Maretzek Italian Opera: Dom Sébastian, roi de Portugal

Event Information

Academy of Music

Manager / Director:
Max Maretzek

Event Type:

Record Information


Last Updated:
25 September 2012

Performance Date(s) and Time(s)

13 Feb 1866, 8:00 PM

Performers and/or Works Performed

aka Dom Sebastian, King of Portugal; Dom Sebastien; Don Sebastian
Composer(s): Donizetti
Text Author: Scribe


Advertisement: New-York Times, 10 February 1866.
Announcement: New York Post, 12 February 1866, 3.

     The production will feature “the too-much neglected tenor Massimiliani in his best part, and Bellini in a character which he assumes with touching histrionic effect, and admirable vocal ability.”

Announcement: New-York Times, 12 February 1866, 5.

     “The event of the present week will be the revival tomorrow night of Donizetti’s master-work, ‘Don Sebastian.’  Our readers have not forgotten how admirably this was given last year.  It has been revived with all the care of a new production.  The caste is the same as before.  It will introduce Signor Massimiliani in a rôle which exactly suits his voice.”

Announcement: New-York Times, 13 February 1866, 4.

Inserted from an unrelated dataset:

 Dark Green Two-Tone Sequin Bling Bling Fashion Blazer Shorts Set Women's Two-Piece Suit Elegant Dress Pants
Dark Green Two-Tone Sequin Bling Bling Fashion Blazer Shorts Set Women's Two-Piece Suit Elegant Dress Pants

     “Donizetti’s fine opera of ‘Don Sebastian,’ which it will be remembered was the success of last season, will be revived to-night.  The caste is the same as before, except that Signor Antonucci assumes the rôle formerly played by Signor Susini—a change which will not be regarded with disfavor by the majority of the habitués.  A new danseuse makes her debut, Mlle. Leontine Vidal, in the ballet.”

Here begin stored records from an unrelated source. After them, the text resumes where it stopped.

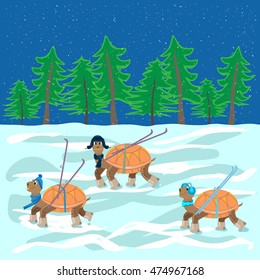 Three turtles in the hat, the boots and the skis are on the snow field and forest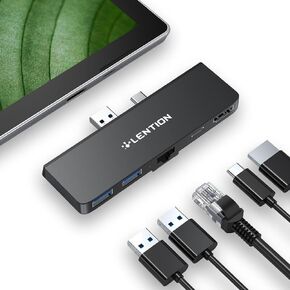 LENTION Surface Pro 7 USB C Hub Docking Station,5-in-1 Surface Pro 7 Hub, 4K@60Hz HDMI Port, Gigabit Ethernet, 2 USB 3.0 Hub, PD Type C Charging Port Hub(CS35,Black)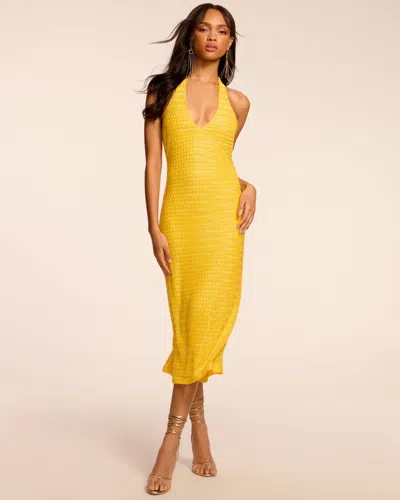 Ramy Brook Sloan Beaded Halter Midi Dress In Lemon Bead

Announcement: New-York Daily Tribune, 13 February 1866, 8.

     “Don Sebastian contains some exceedingly beautiful music—some of Donizetti’s finest thoughts, and in character it is strongly marked. It is a work that every one should hear, for it has other merits than a few scattered but catching melodies.”

Advertisement: New-Yorker Staats-Zeitung und Herold, 13 February 1866.
Review: New York Post, 14 February 1866, 2.

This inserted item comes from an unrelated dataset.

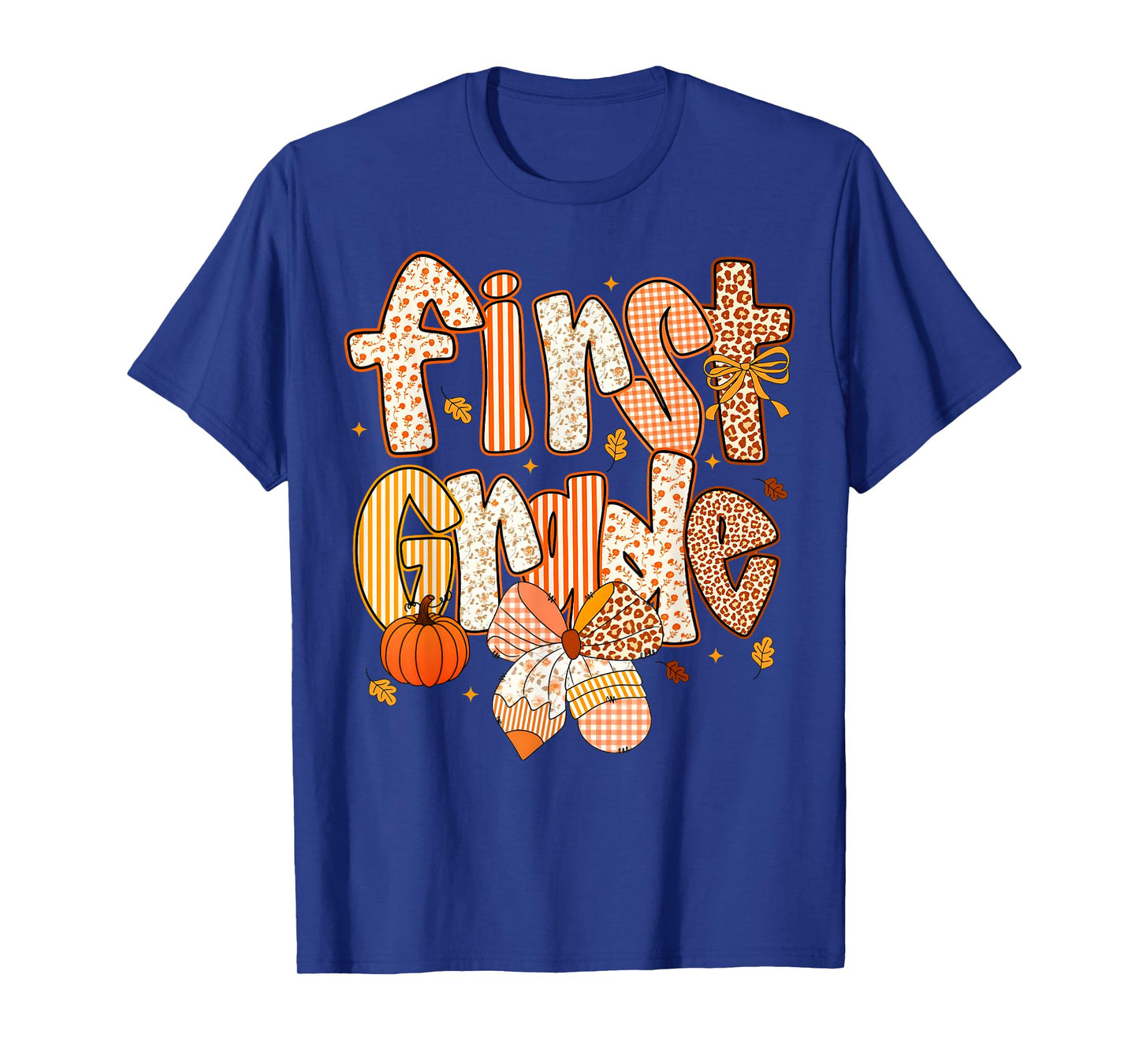 First Grade Fall Floral Coquette Bow Teachers Students T-Shirt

     “The revival of Donizetti’s most elaborate opera last night . . . was another addition to the operatic successes of the season. The work was withdrawn about long enough to give it a new zest, and not so long that its beauties were forgotten. The first act, although introducing all the principal characters, passed off tamely as far as applause was concerned; but the ringing duet, ‘Fa core mio re,’ sung superbly by Zucchi and Massimiliani, suddenly awoke the audience to a burst of enthusiasm, and was the first of repeated expressions of gratification. The concerted pieces of the fourth act received its usual encore.

     It was a pleasure indeed to see Zucchi released from the barbaric disfigurements of her part in ‘L’Africaine.’ Her costume in ‘Don Sebastian’ is, however, quite different from that she wore in the same opera last year. The open skirt and the velvet trousers are abandoned, and the usual Oriental or Turkish dress adopted. In the change of costume in the last act lady visitors will recognize, though arranged in a new style, the materials of the quaint garb which attracted so much attention last year. In her singing last night Zucchi was fully up to her usual standard.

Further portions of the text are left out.